Another season of the Exnihil custom DCAU order!
Having completed all the episodes of the original Batman: The Animated Series, the natural progression would be, of course, to continue with the follow-on, Superman: The Animated Series. On that front, this order shall not disappoint.
However, given that the initial season of STAS was only 13 episodes, where this order may disappoint is if - realizing that I’d have to dip into season 2 (sometimes called "The New Batman/Superman Adventures," as it combined episodes of The New Batman Adventures) to flesh out it out - you are expecting to see a certain caped crusader pop up.
Nope, doesn’t happen at this time.
Although there are a few oblique references to the goings-on in Gotham City, this season is all Superman, all the time. I feel that taken in the larger context of the entire order being a continuous narrative, it makes more thematic sense that way - almost like entering into a "Part II" of a novel and having that complete shift of perspective. I think it pays off in the narrative long-term, but you be the judge.
Also of note is what I’ve decided to do for production/air-date nomenclature. As this is going to be a complete DCAU run-through, I’m not going to be using the individual shows' order numbers, but rather an ongoing sequential order among the various shows, from both a production and airdate perspective.
So, for example, the original BTAS had two production runs (the first of 65 episodes, and the second of 20), but actually four airdate seasons. So, when we get to the first 13 episode production of STAS - since it continues on from BTAS - those eps would be considered Production Season 3, Airdate Season 5. Where it gets tricky is when we get beyond that point, into "The New Batman/Superman Adventures". Since the two shows have discrete production runs, I will keep those separate, but for airdate ordering I am actually going to consider them part of a single show. So, in other words, the episodes of STAS airing in autumn of 1997, would be Production Season 4, Airdate Season 6, whereas the episodes of TNBA airing at the same time would be Production Season 5… but still Airdate Season 6.

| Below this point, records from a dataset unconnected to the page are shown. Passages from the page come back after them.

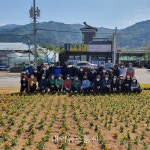 아름다운 행구동 만들기 꽃길 조성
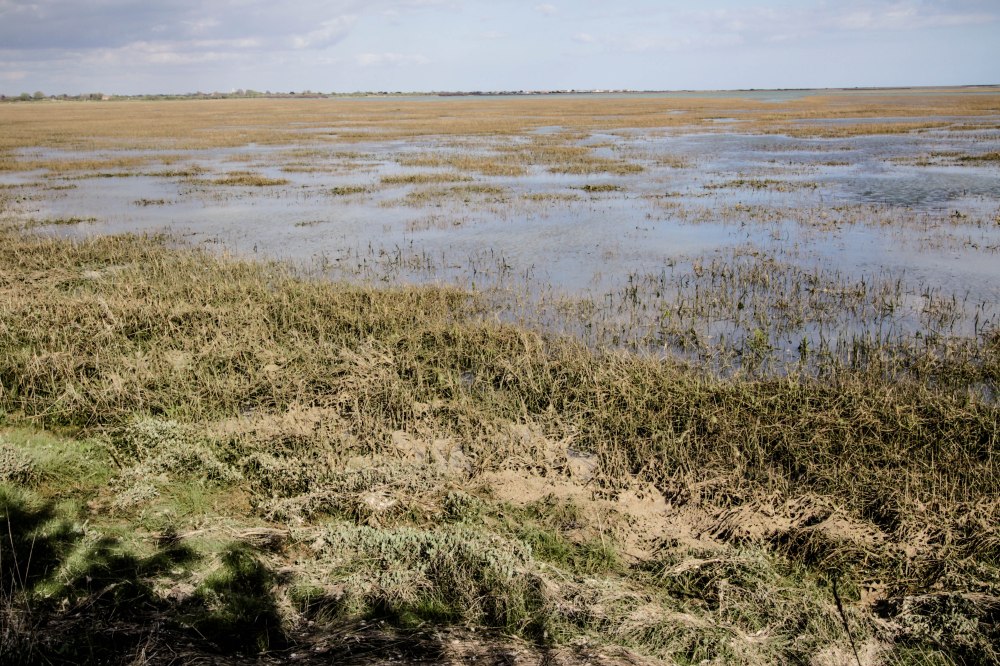 Rose Green Edit II-7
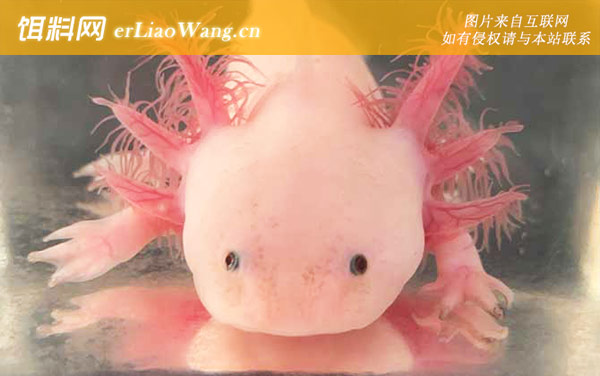 美西螈:生活习性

Don't worry about it - if you click the little sort arrows on the table at the bottom, it makes a lot more sense.
But who cares about any of that... that seems more like a job for:
Dada dah... dada DAH... daaaaah dada dah, dadadada DAH!
Awww, yeah, The Last Son of Krypton! Our new season kicks off in grand scale, rolling back the DCAU clock a couple decades and transporting us into the far reaches of space to learn who this new guy is and how he came to be.
First impressions of the new series? Wow, is it bright! After 85 episodes and 2 feature films drawn on the black background of Gotham City, we need some sunglasses to adjust to the sudden daylight. But light is the realm of our new hero, and I think this visual shift is perfect to establish his contrast - both from a character and storytelling perspective - from the Dark Knight. Speaking of which… Jor-El's line to Lara about "five months in this deep freeze"? Eh? Eh? See what they did there?
In any case, awesome three-part intro - establishing soooo much of the world of Superman (and so many plot elements which will be huge to his story) in so short a period of time - without any of it feeling rushed - is nothing short of amazing. In just three episodes, we learn the story of Krypton’s destruction (and the role of multi-series adversary Brainiac), Kal-el’s arrival and adoption by Jonathan and Martha Kent, his boyhood discovery of his power (yay... Lana Lang!), his arrival in Metropolis, friendship/rivalry with Lois Lane, the enmity and menace of Lex Luthor (ooooh... such good voice work by Clancy Brown), the intro of John Corben (say… are you any relation to this guy, Arkady Duvall?), Superman’s public debut (along with Martha’s quip about "that nut in Gotham City"), and even a name drop of Kaznia. For a lover of the DCAU, it just can’t get any better than this. Oh, wait… Bibbo Bibbowski... it just got better.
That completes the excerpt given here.